No entanto, o sabido, é que de pouco adiantaram. Quando se mencionava o rio Douro, a sua navegabilidade e os barcos que lhe sulcam as águas carregados de turistas, mais parecia que iríamos criar por estas bandas o El Dourado da nossa contemporaneidade. Iludimo-nos então e ficamos à espera que não chova para não se estragar o passeio dos visitantes. Ingenuamente, sem mais, tivemos para nós que a riqueza nos bateria à porta saltando das algibeiras dos que aqui aportam, para as dos que por aqui vivem.

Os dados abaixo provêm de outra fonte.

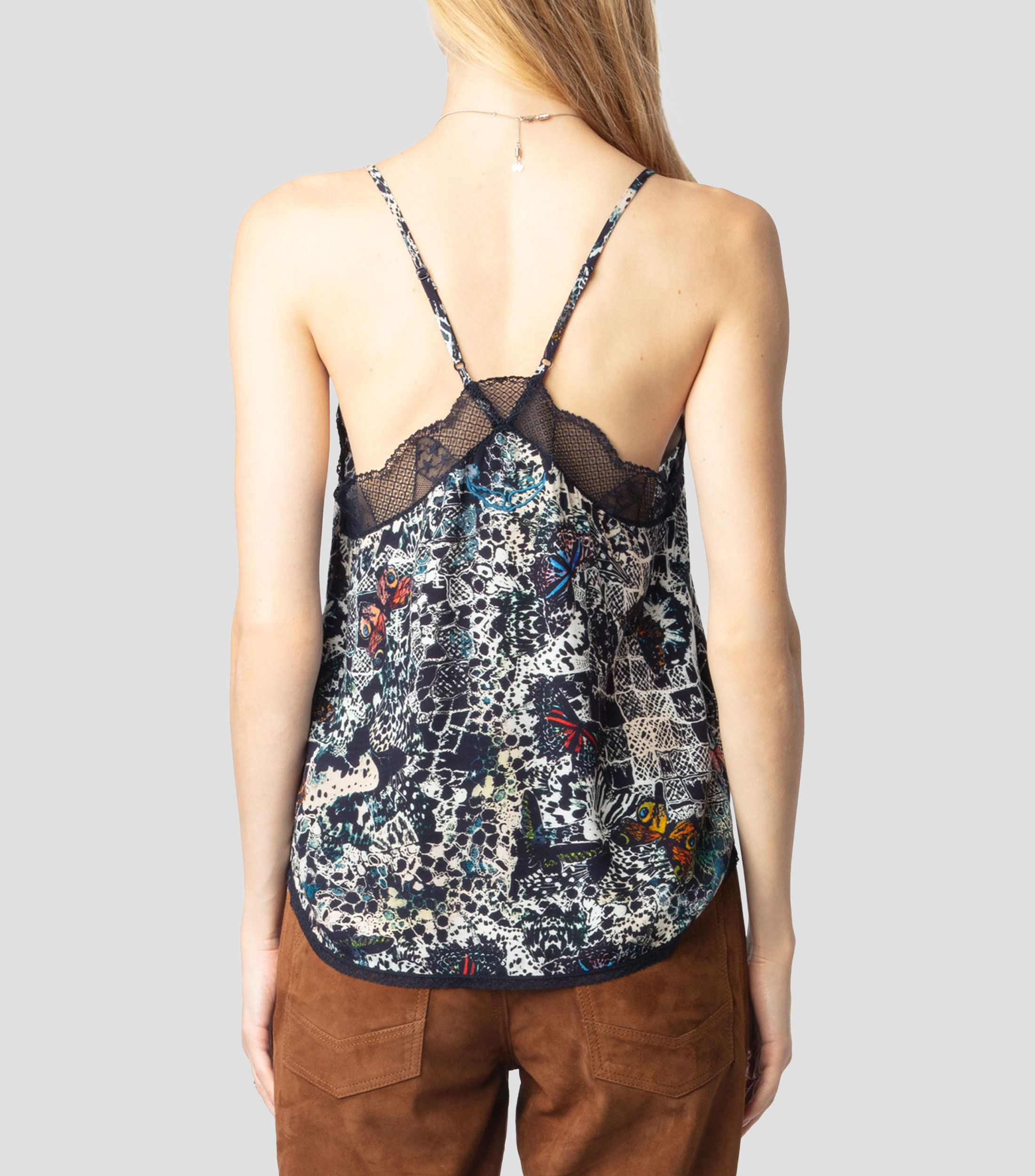 Blusa estampada sin mangas Mujer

Grosso modo, cruzamos os braços, esperamos, e criticamos quem se não preocupa connosco e não faz os passeantes deambularem por aí até que topem com algo que nos apeteça vender-lhes. Zurzimos em quem não coloca em letra de lei paragem obrigatória na nossa porta aberta para servir e vender. Só não arranjámos ainda maneira de aproveitar bem as oportunidades de negócio, disponibilizando na hora certa e no sítio certo, o produto imediatamente mais necessário ou apetecido, porque se soube despertar o desejo de se provar, de se ter e de se levar.
Porque é que me lembrei disto e agora aqui o coloco? Eu digo. Há dias, andava nas minhas voltas junto ao rio e tive de parar por causa de uns pingos de chuva em dia de Verão. Abriguei-me a contragosto debaixo de uma árvore perto dos barcos ancorados na Régua. Gente a subir para eles, e gente a deles descer, foi coisa de umas largas centenas em pouco tempo, algo que nem nos admira, como sabemos.
Admirado e se calhar não devia, fiquei eu com uma coisa. Mal o chão se respingou, num ápice, o local encheu-se de vendedores ambulantes de guarda-chuvas. Gente humilde e de condição que ninguém quer, mas de sentido de negócio apurado por um saber passado de geração em geração, cuja atitude de todo em todo nos pode servir de exemplo.
Tenho a certeza de que se ao S. Pedro desse na real gana de destapar as nuvens para nos enviar raios de sol daí a pouco, num abrir e fechar de olhos, se viriam chapéus e bonés em venda para se protegerem as cabeças da torreira que por aqui não é de brincadeira, muito mais para quem vem de terras com muito menos horas de céu azul.
Ainda gostava de perguntar aos exímios comerciantes ali em presença, em que fontes se abasteceram de tanta eficácia. Deve ter sido na universidade da vida, digo eu, naquela em que se ensina que na maioria das vezes com as coisas simples se conseguem as coisas mais importantes. Basta não complicar e seguir em frente agindo para que se não fique à espera do que tarda.
Os nossos dias não vão fáceis. Mas se calhar com um pouco mais de atenção e de união, as coisas podem começar a descomplicar-se. Não sei. Já agora: Quer um guarda-chuva? E um ramo de flores?